It's 1964 and Father Brendan Flynn (Philip Seymour Hoffman) is giving a sermon about doubt to his parish in the Bronx borough of New York City. Sister Aloysius Beauvier (Meryl Streep), the principal of the parish school, finds the topic a bit strange and asks her fellow sisters to be on the lookout for anything suspicious. Although not realizing at first, Sister James (Amy Adams) begins to suspect that something may be going on between Father Flynn and one of the school's students, Donald Miller (Joseph Foster) who also happens to be the only African-American in the student body.

Review


There's a powerful sense of unease and suspicion in Doubt that continually gets more and more pronounced. From the opening scene, we're made to believe that everything that goes on might be a clue to what's really happening. The smallest details are suddenly important and could be pieces of the puzzle. As a viewer, there are times where you might feel like your "bad" radar is going off but you never really know with 100% certainty if it's really correct. That's the beauty of Doubt. You have doubts about everything.

The story is an adaptation of John Patrick Shanley's Pulitzer Prize winning play who went forward himself writing the script and directing it. It's a tight production, only 104 minutes long and that's all it needs to make its mark. With Roger Deakins on board as director of photography, you can be assured that Doubt looks amazing and I can definitely say that it does.

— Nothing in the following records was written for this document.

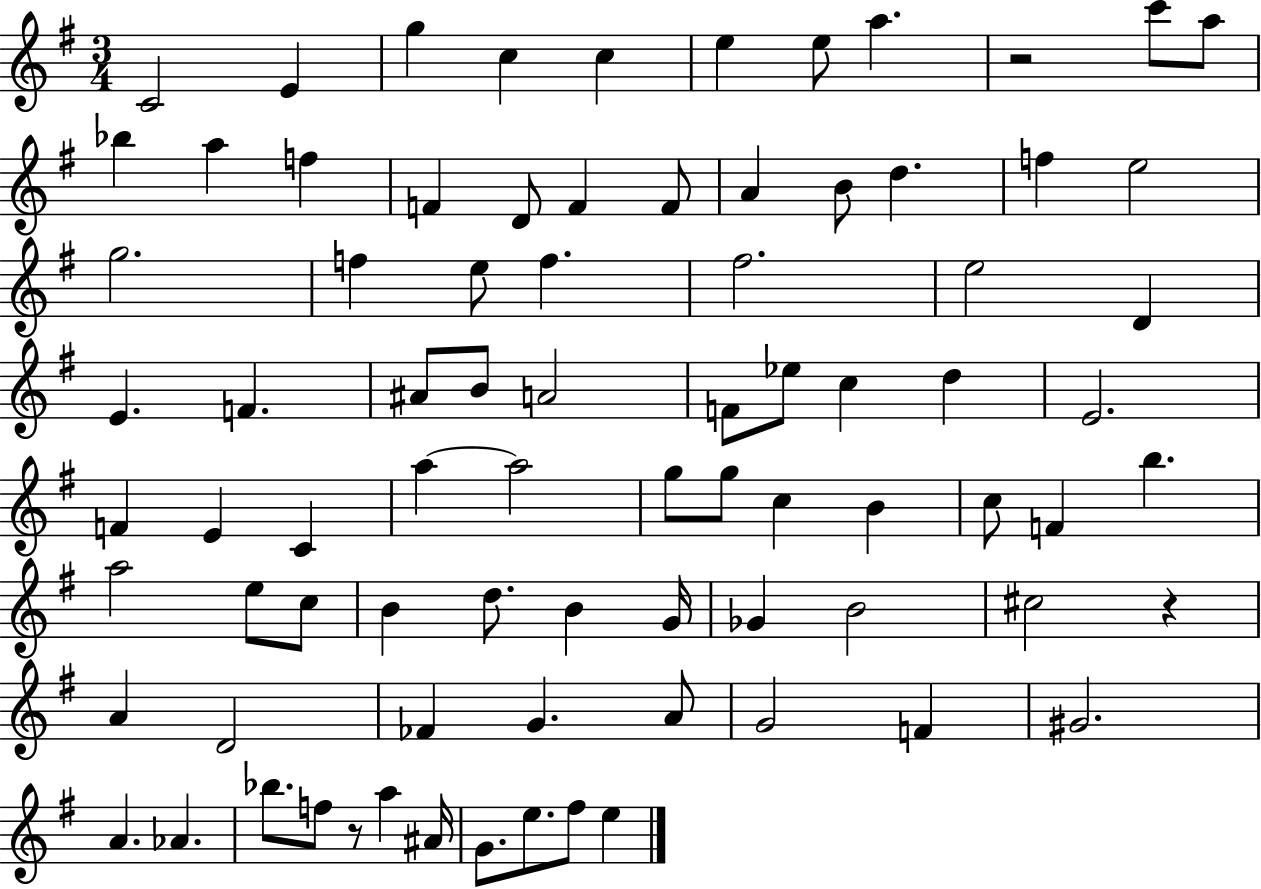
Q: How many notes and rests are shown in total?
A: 82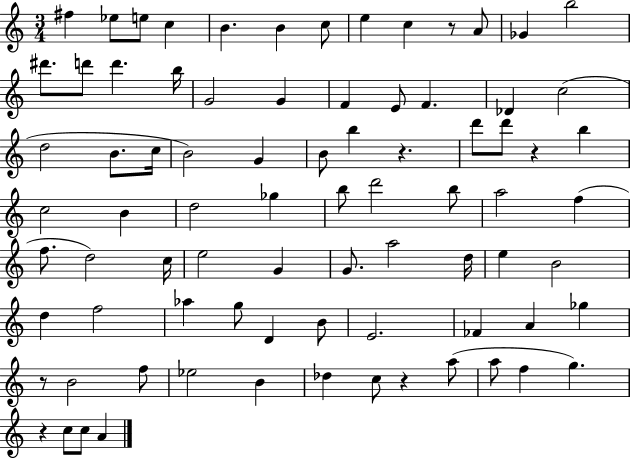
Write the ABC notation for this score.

X:1
T:Untitled
M:3/4
L:1/4
K:C
^f _e/2 e/2 c B B c/2 e c z/2 A/2 _G b2 ^d'/2 d'/2 d' b/4 G2 G F E/2 F _D c2 d2 B/2 c/4 B2 G B/2 b z d'/2 d'/2 z b c2 B d2 _g b/2 d'2 b/2 a2 f f/2 d2 c/4 e2 G G/2 a2 d/4 e B2 d f2 _a g/2 D B/2 E2 _F A _g z/2 B2 f/2 _e2 B _d c/2 z a/2 a/2 f g z c/2 c/2 A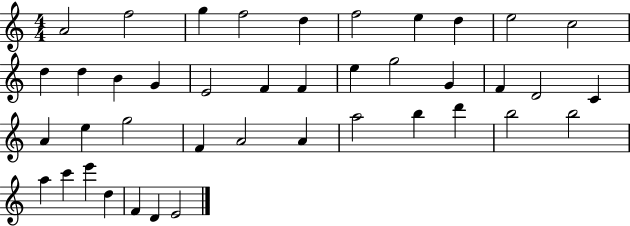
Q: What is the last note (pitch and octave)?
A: E4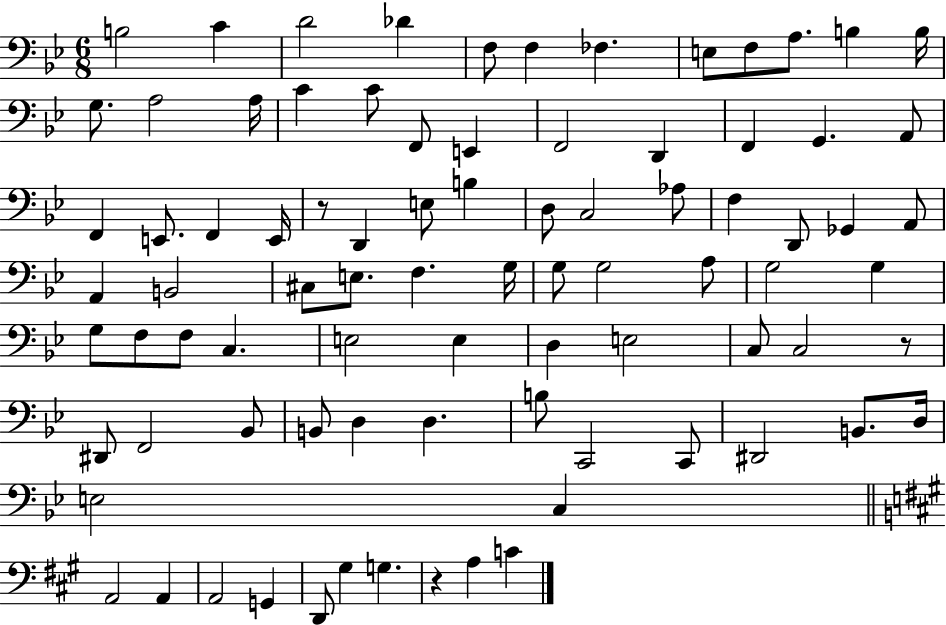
B3/h C4/q D4/h Db4/q F3/e F3/q FES3/q. E3/e F3/e A3/e. B3/q B3/s G3/e. A3/h A3/s C4/q C4/e F2/e E2/q F2/h D2/q F2/q G2/q. A2/e F2/q E2/e. F2/q E2/s R/e D2/q E3/e B3/q D3/e C3/h Ab3/e F3/q D2/e Gb2/q A2/e A2/q B2/h C#3/e E3/e. F3/q. G3/s G3/e G3/h A3/e G3/h G3/q G3/e F3/e F3/e C3/q. E3/h E3/q D3/q E3/h C3/e C3/h R/e D#2/e F2/h Bb2/e B2/e D3/q D3/q. B3/e C2/h C2/e D#2/h B2/e. D3/s E3/h C3/q A2/h A2/q A2/h G2/q D2/e G#3/q G3/q. R/q A3/q C4/q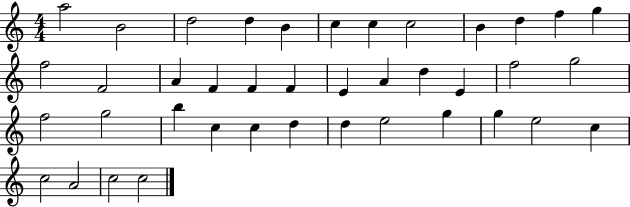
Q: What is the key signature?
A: C major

One of my favourite aspects of the cinematography in Doubt is the use of Dutch angles. Dutch angles always seem to be a prickly technique to use without coming off as silly and I guess we can all blame Battlefield Earth for that one. Deakins uses them to outline a tense moment which a lot of the time are these "quietly tense" scenes. With no one screaming, it's supposed to make the hairs stand up on our necks and to make the us feel disoriented. All I can say is mission accomplished.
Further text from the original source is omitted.